WHAT IS REQUIRED: Transcribe the listing in full, word for word; pictures do not belong in the copy.

DATA EXTRACT:
::::::::

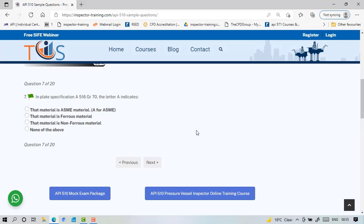Plate specification of ASTM A516 grade 70—the letter A is always ferrous metal. It's not for ASME or anything. A is for ferrous metal.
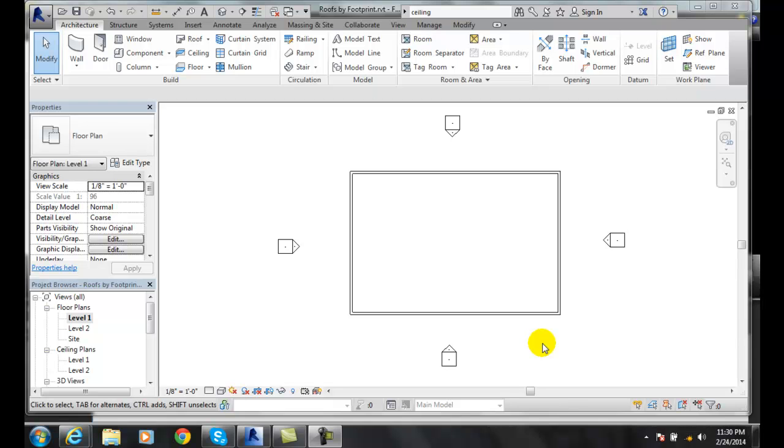Creating an automatic ceiling. Here I have my first floor plan and I want to put a ceiling in it. So the first and easiest method to do is an automatic ceiling.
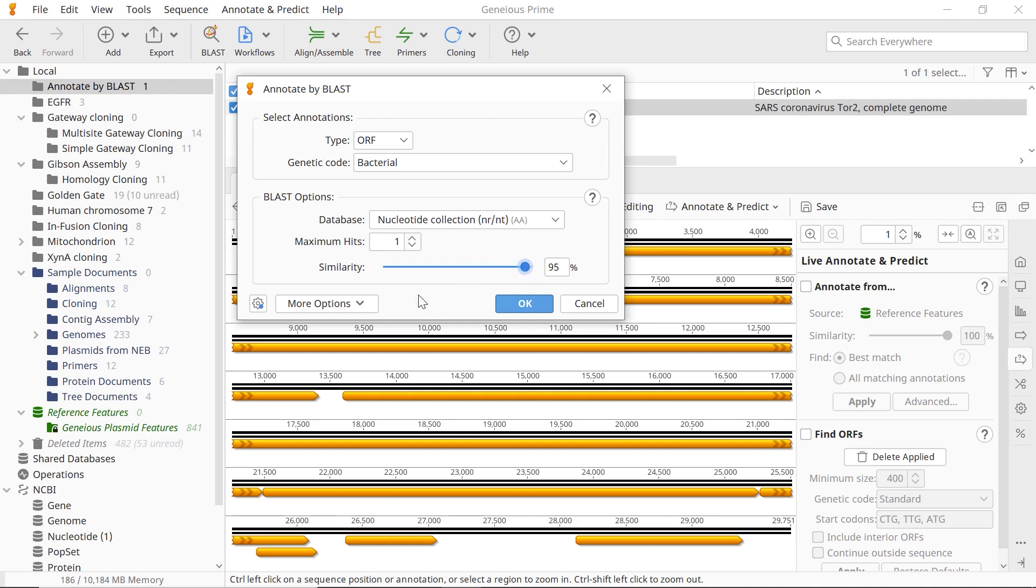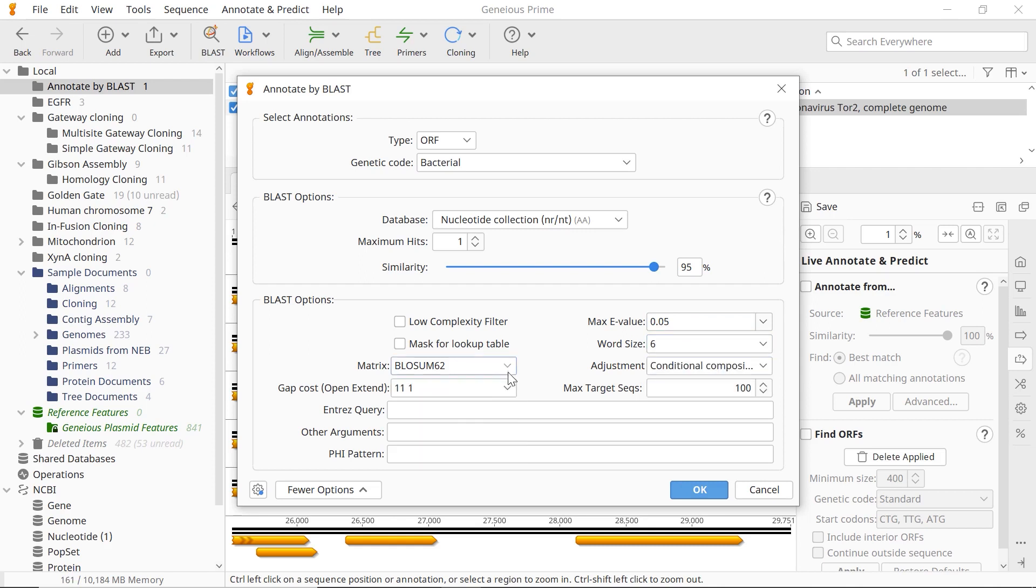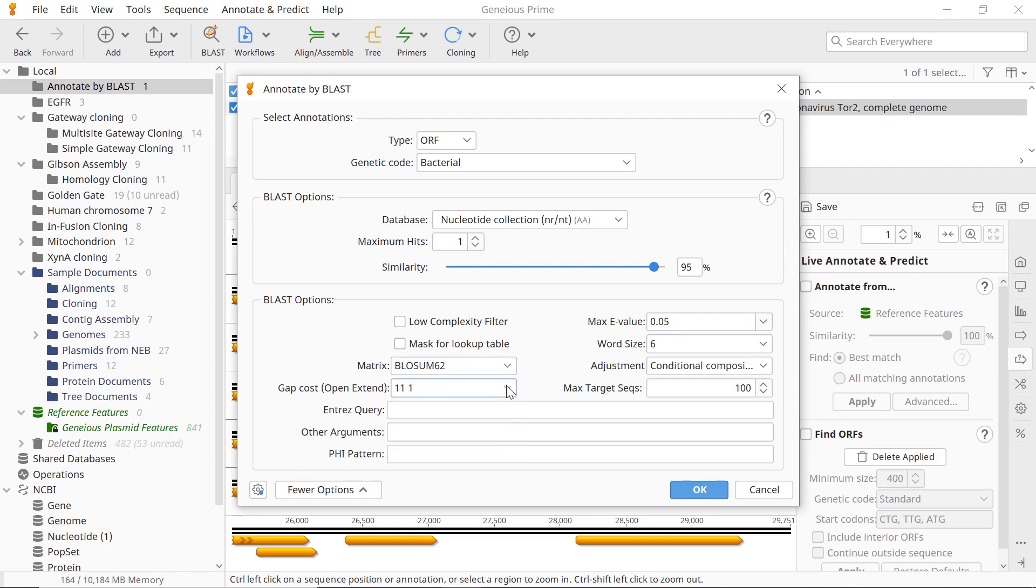Genius also allows you to set the BLAST parameters such as E-Value, Word Size, Substitution Matrix, and number of CPUs to use when running the custom BLAST.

::::::::

REPLY TO THE EXERCISE:
Plate specification of ASTM A516 grade 70—the letter A is always ferrous metal. It's not for ASME or anything. A is for ferrous metal.
Creating an automatic ceiling. Here I have my first floor plan and I want to put a ceiling in it. So the first and easiest method to do is an automatic ceiling.
Genius also allows you to set the BLAST parameters such as E-Value, Word Size, Substitution Matrix, and number of CPUs to use when running the custom BLAST.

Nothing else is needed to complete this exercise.